In the 1870s, the destination of the Tsangpo River (sometimes spelled "Sanpo") was unknown. Some hypothesized that it was the same river that flowed into the Bay of Bengal under the name of Brahmaputra (also known as "Dihang"). To solve this mystery, Henry John Harman of the Great Trigonometrical Survey sent a pundit explorer, Nem Singh (known as "G. M. N.") to follow the Tsangpo and determine its ultimate destination. G. M. N. was accompanied by his assistant, a Sikkimese lepcha named Kinthup. After surveying a good portion of the river, the pair returned to India.[1]
In 1880, a Chinese lama was employed to continue G. M. N.'s work, and Kinthup was again hired to accompany him.[1] In 1880 Kinthup was sent back with the task of testing the Brahmaputra theory by releasing 500 specially marked logs into the river at a prearranged time at which Captain Harman, posted men on the Dihang-Brahmaputra to watch for their arrival.[3] However, in May 1881 near Tongyuk Dzong, the Chinese lama sold Kinthup to a dzongpon to become his slave.[4] Kinthup's surveying equipment and notebooks were confiscated and he remained a slave until March 1882, when he finally managed to escape.[1]
Resuming his survey of the river, he followed the gorge southward until he was captured by servants of his former master and again sold into slavery to the head abbot of a monastery. He was well-treated by his new master, and was granted several leaves of absence under the guise of making religious pilgrimages. This gave him the opportunity to prepare 500 logs and send a letter to Harman from Lhasa announcing his new intended schedule. He also made several long treks recording the extent of the Tsangpo and surrounding region, and determined that the two rivers were indeed one and the same. After fifteen months of servitude at the monastery, he was granted his freedom by the abbot, and was finally able to launch the logs.

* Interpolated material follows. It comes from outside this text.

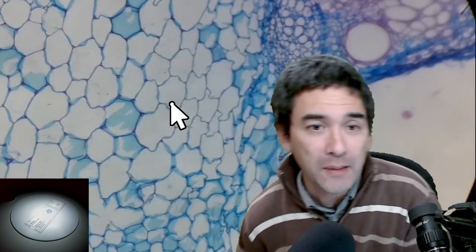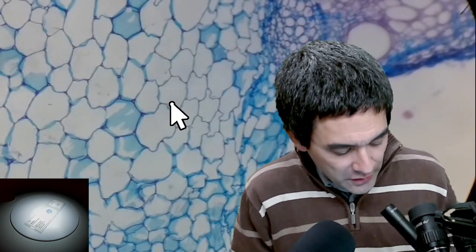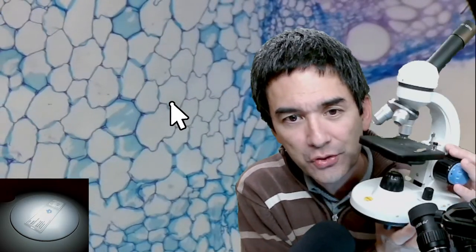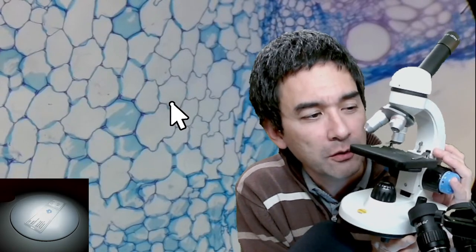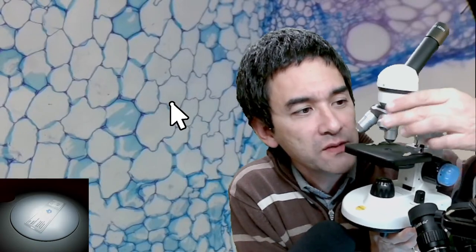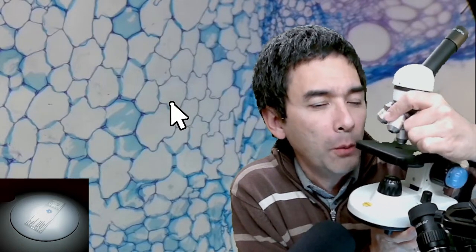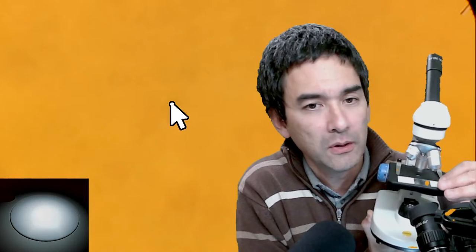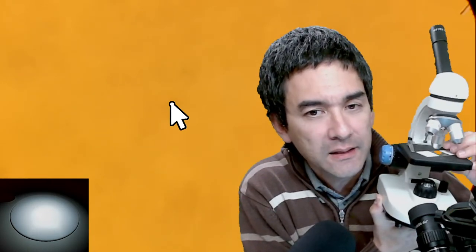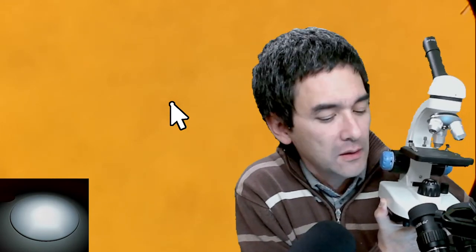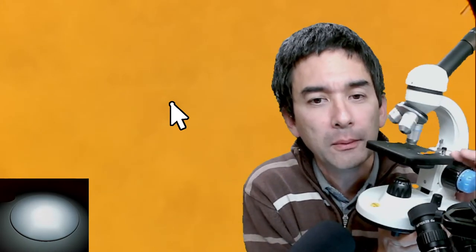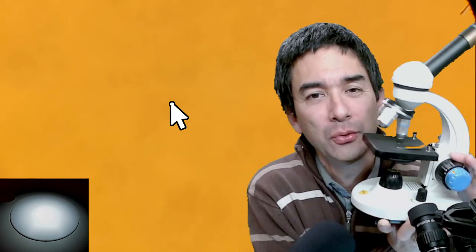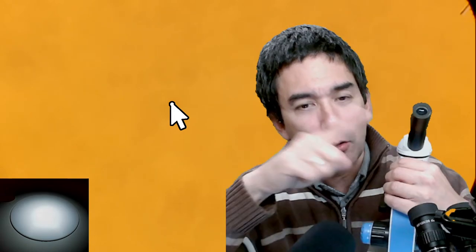Before looking at samples, let me show you some microscopes for orientation. This here is a small introductory compound microscope — what most people picture when they think of microscopes. It has objectives that you can rotate, an eyepiece to look through, and you put a slide on the stage. Light comes from the bottom. This is the most well-known type of light microscope.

However, Harman had died in the interim and Kinthup's letter went unread, so nobody checked for the appearance of the logs.[3][1]
Kinthup returned to India in November 1884, four years after he had left.[1] It was not until two years later that his account was even recorded, and even then his extraordinary accounts were doubted by some geographers.[1] "His accomplishment was not acknowledged until 1913, when F. M. Bailey and Henry Morshead validated his claims."[5]
Captain Hugh Trenchard said, "his account has been confirmed in the most remarkable manner, and we are now able to establish Kinthup's claim to honorable record in the annals of the Survey of India, which he served with such zeal and devotion to duty."[1] It was only some 30 years later that the Bailey–Morshead exploration of Tsangpo Gorge conclusively confirmed his discovery.[1]